Religious intolerance in Pakistan reached alarming heights in 2025, according to the USCIRF’s latest annual assessment. This U.S. government panel, tasked with tracking international religious freedoms, urges bold policy shifts to counter the escalating crisis.
Blasphemy statutes, wielded aggressively by authorities, devastated minorities. Ahmadis and Christians bore the brunt of mob fury, with incidents amplifying societal divisions. The report details January’s shocking death penalties for four people over purported online blasphemy. Mentally unwell Christian Farhan Masih was jailed on similar charges but released—only to live in hiding.
A February court ruling doled out capital punishment based on a TLP activist’s claim. Junaid Hafeez’s long-suffering appeal vanished from Lahore High Court dockets after years in solitary. Efforts to outlaw child marriage in Islamabad faced fierce backlash from religious councils, who rejected the bill as anti-Islamic despite its aim to protect young girls from forced unions.

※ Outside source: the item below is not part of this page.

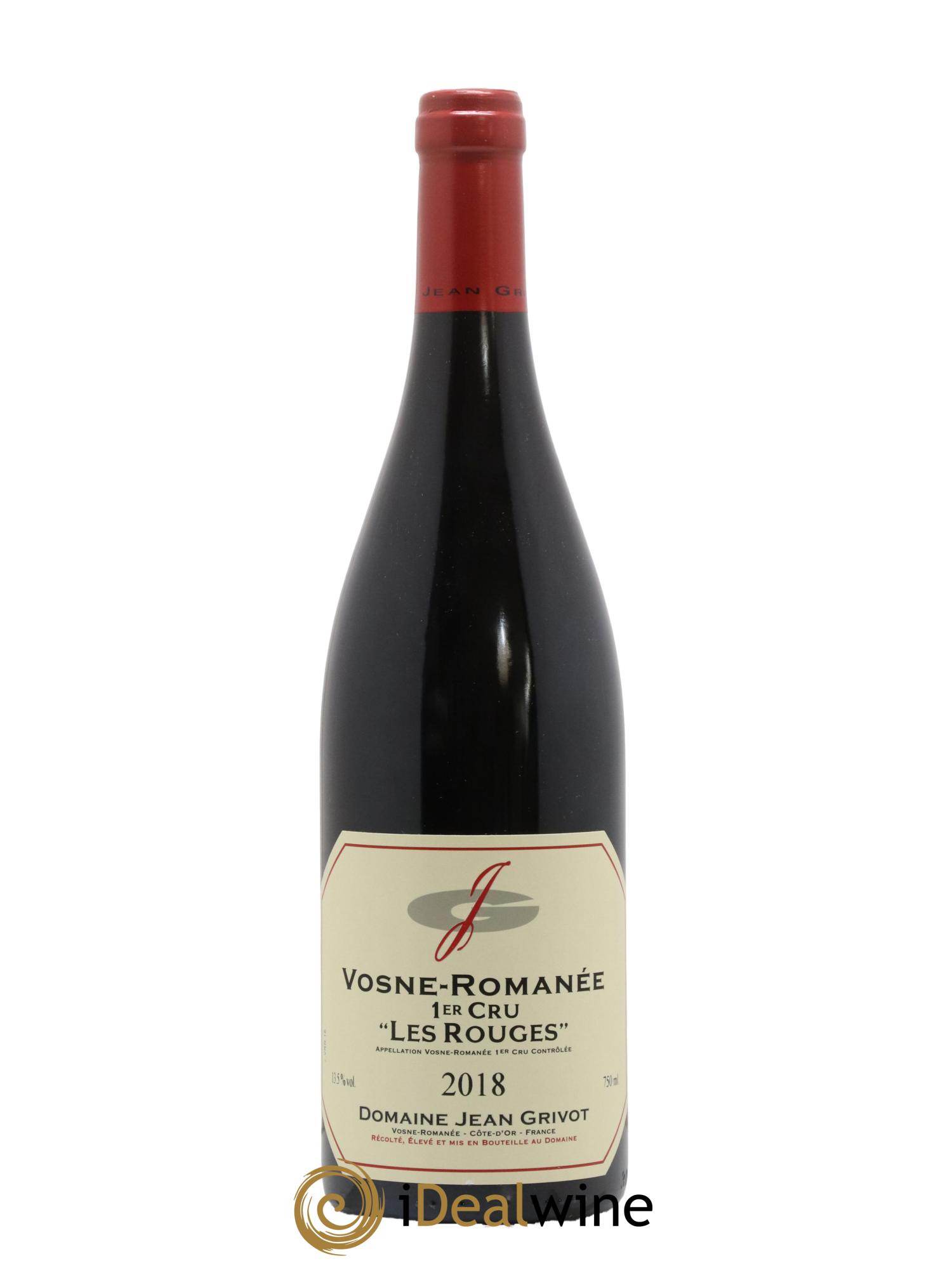 Vosne-Romanée 1er Cru Les Rouges Jean Grivot 2018 - Lotto di 1 bottiglia - 0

Unpunished assaults defined the year. Waseem Masih’s brutal murder in March stemmed from a blasphemy pretext. Nadeem Nath, a Hindu, was gunned down for defying conversion demands. Pastor Kamran Naz survived a September shooting en route to a church event, targeted for his refugee ministry.
Provincial hotspots like Punjab and Sindh saw ongoing abductions and conversions of minority girls. Mass deportations of Afghan refugees, including persecuted Shia Hazaras, added to the toll. With Pakistan already a CPC, USCIRF pushes for renewed designations across 13 countries to spotlight systemic failures and compel accountability.